[Virtio-fs] Problem using gdb/lldb on a binary residing on a DAX-enabled volume

Tue Aug 24 23:27:59 UTC 2021

Hello everyone,

On Tue, Aug 24, 2021 at 12:09:37PM -0600, Yu Zhao wrote:
> On Tue, Aug 24, 2021 at 7:22 AM Sergio Lopez <slp at redhat.com> wrote:
> >
> > On Tue, Aug 24, 2021 at 02:04:45PM +0900, Chirantan Ekbote wrote:
> > > Hi Sergio,
> > >
> > > On Mon, Aug 23, 2021 at 6:31 PM Sergio Lopez <slp at redhat.com> wrote:
> > > >
> > > > Hi,
> > > >
> > > > I've noticed that trying to use gdb/lldb on any binary residing on a
> > > > DAX-enabled virtio-fs volume leads to a SIGSEGV in userspace...
> > > >
> > > > Seems like DAX breaks something in the ptrace_access_vm path. On a
> > > > volume without DAX works fine.
> > > >
> > >
> > > We've seen this as well and unfortunately it doesn't appear to be
> > > limited to virtio-fs.  Using DAX on a ext4 formatted virtio-pmem disk
> > > image has the same problem.  We've actually disabled DAX everywhere
> > > because of this.
> > >
> > > Unfortunately most of the details are in an internal bug report but
> > > I'll try to extract the relevant bits here.  This is well outside my
> > > depth so I've CC'd some of the people who have looked at this.  The
> > > initial bug report was for virtio-pmem+ext4 so some of the details are
> > > specific to pmem but I suspect something similar is happening for
> > > virtio-fs as well.
> > >
> > > The issue is that process_vm_readv() corrupts the memory of files that
> > > are mmap()'d when DAX is enabled.
> > >
> > > 1. A filesystem is mounted with DAX enabled.  pmem_attach_disk() sets
> > > pfn_flags to PFN_DEV|PFN_MAP.  In the fuse case, this appears to
> > > happen here [1].
> > > 2. When the (strace/gdb/etc) process does its initial read of the
> > > mmap()'d region, the pfn flags for the page are inherited from the
> > > pmem structure set to PFN_DEV|PFN_MAP in step 1.  During a call to
> > > insert_pfn(), pte_mkdevmap is called to mark the pte as devmap.
> > > 3. If you follow the ftrace of the process_vm_readv(), it eventually
> > > reaches do_wp_page().

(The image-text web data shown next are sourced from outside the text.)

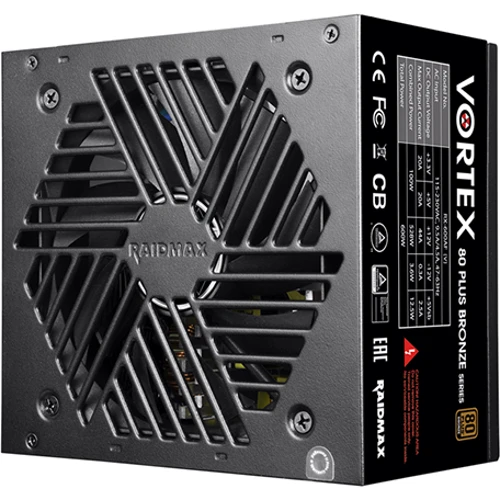 Блок питания Raidmax Vortex 500W (RX-500AF-V): Вентилятор нижней стенки 120 мм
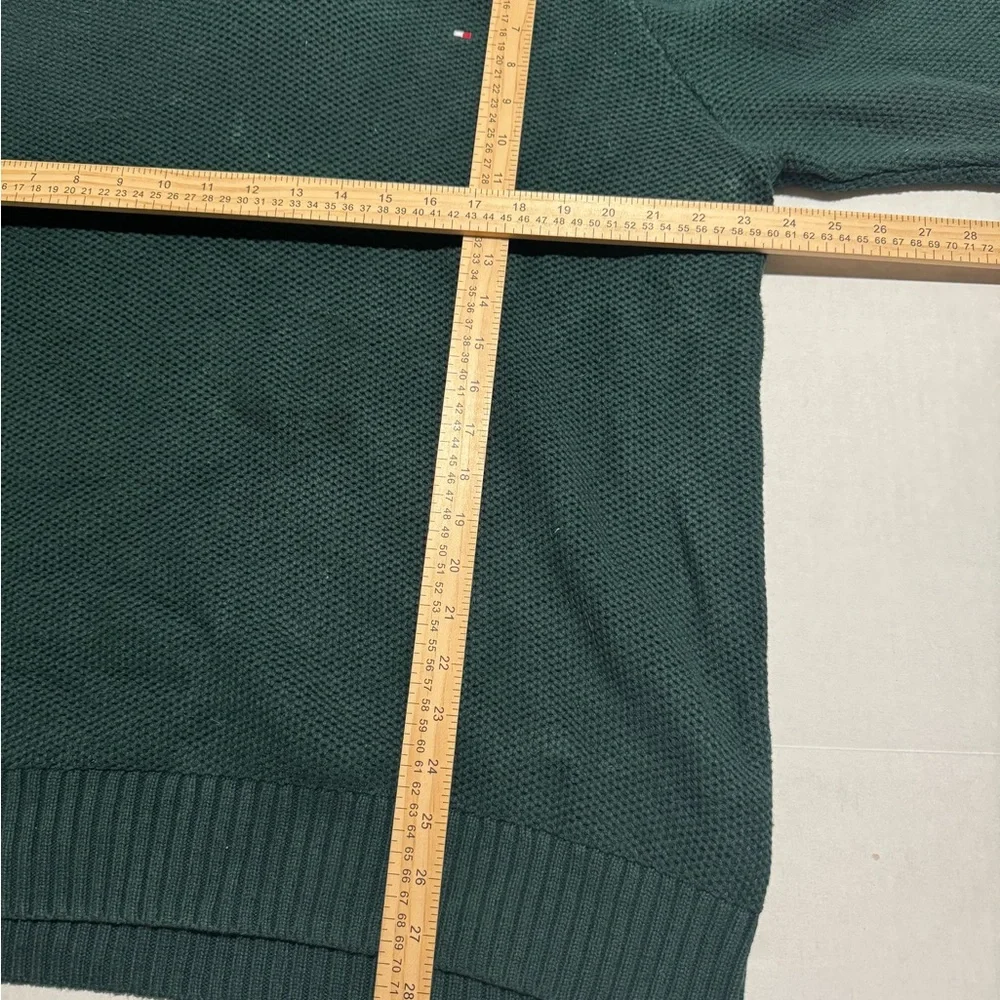 Tommy Hilfiger knit heavyweight sweater, green, men's XL‎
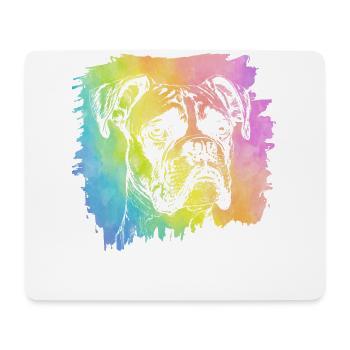 Boxeur - Tapis de souris (format paysage) - blanc - Devant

If the target process had not previously read
> > > the page in, this would not call do_wp_page() and instead just fault
> > > in the page normally through the ext4/dax logic.
> > > 4. do_wp_page() calls vm_normal_page() which returns NULL due to the
> > > remote pte being marked special and devmap (from above).  If we just
> > > ignore the devmap check and return the page that has been found and
> > > allow the normal copy to occur, then no problem occurs.  However, that
> > > can't be safely done in normal dax cases.  Due to vm_normal_page()
> > > returning NULL, wp_page_copy() is called (first call site) with a null
> > > vmf->address.  If the mmap()d file is originally from a non-dax
> > > filesystem (eg tmpfs), the second wp_page_copy() ends up being called
> > > with a valid vmf->address.
> > > 5. cow_user_page() ends up in this unexpected case since
> > > src==vmf->address is NULL, delimited with the following comment:
> > >
> > >         /*
> > >          * If the source page was a PFN mapping, we don't have
> > >          * a "struct page" for it. We do a best-effort copy by
> > >          * just copying from the original user address. If that
> > >          * fails, we just zero-fill it. Live with it.
> > >          */
> > >
> > > The end effect of this is that there is the
> > > __copy_from_user_inatomic() call with an invalid uaddr because the
> > > uaddr is from the remote address space.   This results in another page
> > > fault because that remote address isn't valid in the process calling
> > > process_vm_readv().  It seems that there's a few issues here, a) that
> > > it's trying to read from the remote address space as if it were local,
> > > and b) that the failure here is corrupting the remote processes memory
> > > and not just returning an empty page which would be less broken.
> > >
> > > In the good case of the mmap()d file being from tmpfs,
> > > src==vmf->address is non-NULL and copy_user_highpage can properly do
> > > the copy of the page.  At that point, the caller is able to copy data
> > > from that page to its own local buffer and return data successfully,
> > > as well as avoid corrupting the remote process.
> > >
> > > We've also found that reverting "17839856fd58: gup: document and work
> > > around "COW can break either way" issue" seems to make the problem go
> > > away.
> >
> > Thanks a lot for the super-detailed write-up. Do you know if someone
> > is already working on a fix that can be upstreamed?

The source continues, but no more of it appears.